March 11, 2010 21 Comments
Walmart is not the culprit, it is the symptom
Whatever else one thinks of how we live these days, it’s hard to not see it as temporary, historically anomalous, a peculiar blip in human experience. I’ve spent my whole life riding around in cars, never questioning whether the makings of tomorrow’s supper would be there waiting on the supermarket shelves, never doubting when I entered a room that the lights would go on at the flick of a switch, never worrying about my personal safety. And now hardly a moment goes by when I don’t feel tremors of massive change in these things, as though all life’s comforts and structural certainties rested on a groaning fault line. ~ James Howard Kunstler
Perhaps the most compelling argument I’ve read against Walmart is the very same argument that one hears against sprawl – namely, that it is the result of a vast network of government intervention and central planning. The very nature of Walmart is one which requires a car culture, and as we all know, the car culture would not have been possible without enormous amounts of state subsidies, draconian zoning laws, and so forth. In other words, without the highway projects, the protection of the auto industry, and the many zoning practices in place in modern America, Walmart would not exist – at least in its current form. As it stands, given our car culture, given our sprawl, Walmart acts as a benefit to many consumers.
That is the stumbling block I come back to when I consider my own distaste for Walmart.
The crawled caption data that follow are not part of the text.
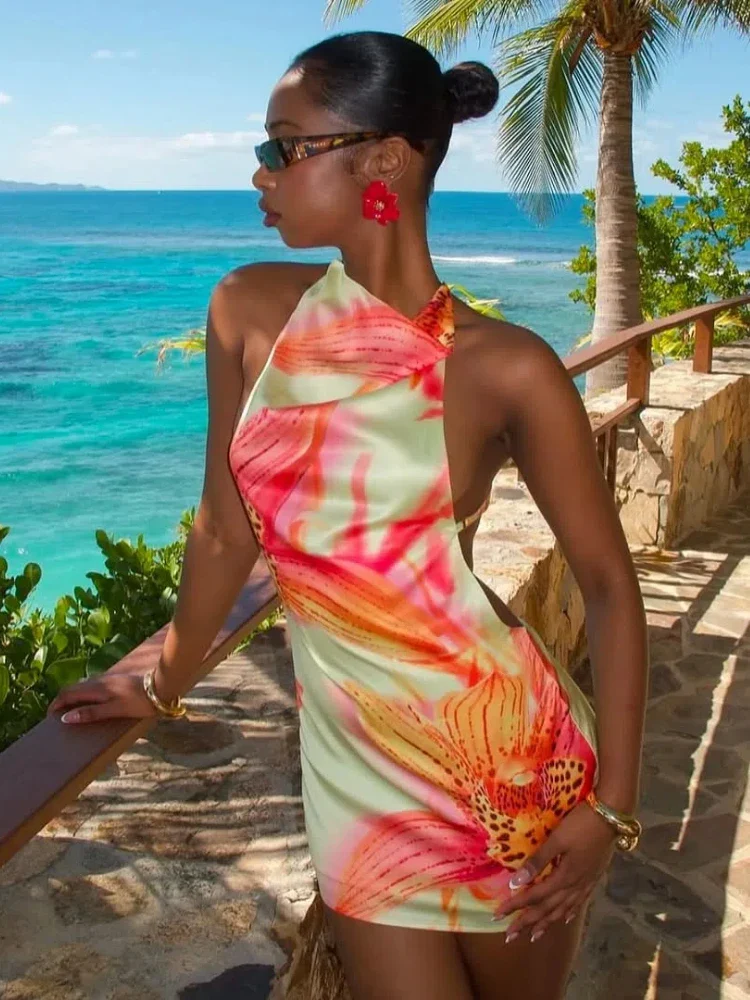 3D Flower Backless Bodycon Mini Dress - Image 3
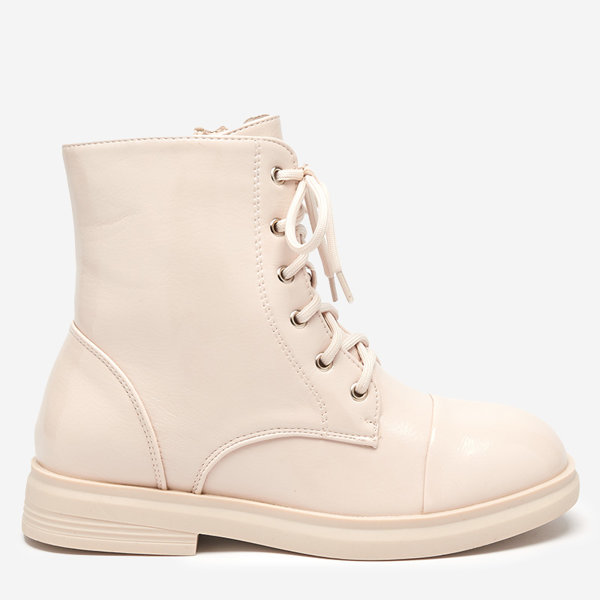 OUTLET Cizme de dama cu dantela bej Lotis - Incaltaminte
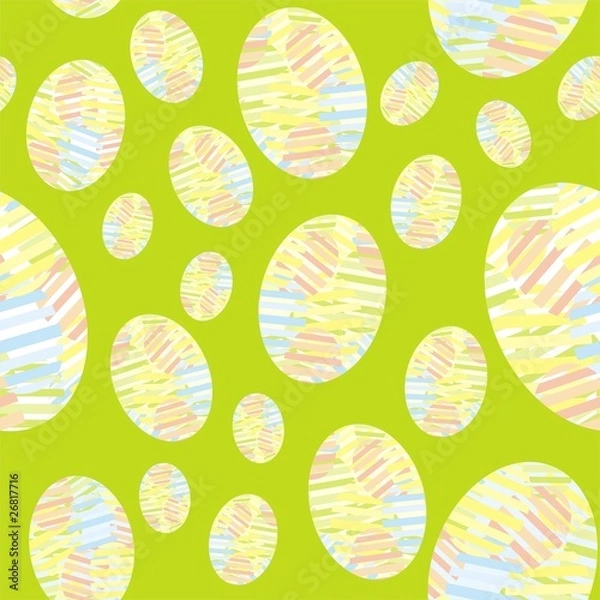 Fototapeta Seamless easter pattern on green background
In a real free market economy, sans all the government regulations and subsidies, Walmart would not even be an issue. The many more diverse and denser places in America would not wanted or needed a Walmart to come set up shop. But given the world we have created for ourselves, what is the alternative? Can we very well deny poor people one of the only places that they can afford to buy cheap goods at? Or, more to the point, should we demonize what is quite obviously a symptom of the larger problem?
Taking a closer look at the problem, we turn once again to Austin Bramwell, who has penned a brief response to James Howard Kunstler’s take on John Stossel on the subject of sprawl. He writes,
Stossel defends suburban sprawl and accuses its opponents — like Kunstler — of forcing lifestyle choices onto others “by limiting where they can build.” The fallacy of this view has been pointed out about 100 times. For the 101st time: sprawl — an umbrella term for the pattern of development seen virtually everywhere in the United States — is not caused by the free market. It is, rather, mandated by a vast and seemingly intractable network of government regulations, from zoning laws and building codes to street design regulations. If Stossel wants to expand Americans’ lifestyle choices, he should attack the very thing he was defending, namely, suburban sprawl.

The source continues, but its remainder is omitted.